Jesus showed from Scripture that the Sadducees were wrong in ridiculing the idea of life after death.
Jesus commended a scribe who accepted Jesus' assessment of the two greatest commandments, after which they asked Jesus no more questions to trap him.
Jesus told them that a poor widow's tiny sacrificial offering was worth more in God's sight than large amounts of money from rich people.
Jesus commended a woman who extravagantly anointed Jesus in anticipation of his death. The chief priests agreed to pay Judas if he would help them seize Jesus.
During the Passover meal, Jesus prophesied that one disciple would betray him, and he gave them the bread and wine which he said represented his body and blood which would be sacrificed.
After witnesses accusing Jesus contradicted each other, Jesus said that he was the man who was also God, the Messiah, after which they decided that Jesus must die.
At the crowd's insistence, Pilate released a criminal, and gave orders that Jesus should be crucified.

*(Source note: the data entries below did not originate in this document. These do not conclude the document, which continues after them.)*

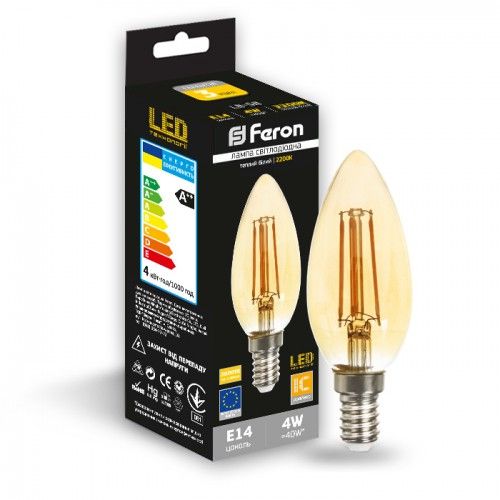 Лампа светодиодная свеча золото 4W E14 2200K filament Feron LB-58 C37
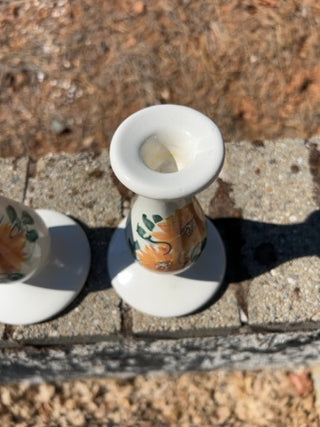 Set of 2 Vintage Ceramic Yellow Flower Candle Holders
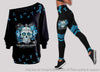 Skull Gift Skull Diabetes Awareness Off Shoulder Long Sleeves Top and Leggings Set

People passing by, as well as the Jewish leaders and two criminals crucified with Jesus, insulted him.
As several women who had accompanied Jesus watched, he died, after which the Temple curtain split into two parts, and the Roman officer pronounced that Jesus was the Son of God.
Several women watched as Joseph and others buried Jesus' body in a cave after getting permission from Pilate.
Miracles began to happen after Jesus instructed his disciples to preach the gospel everywhere and he told them that miracles would accompany their ministry.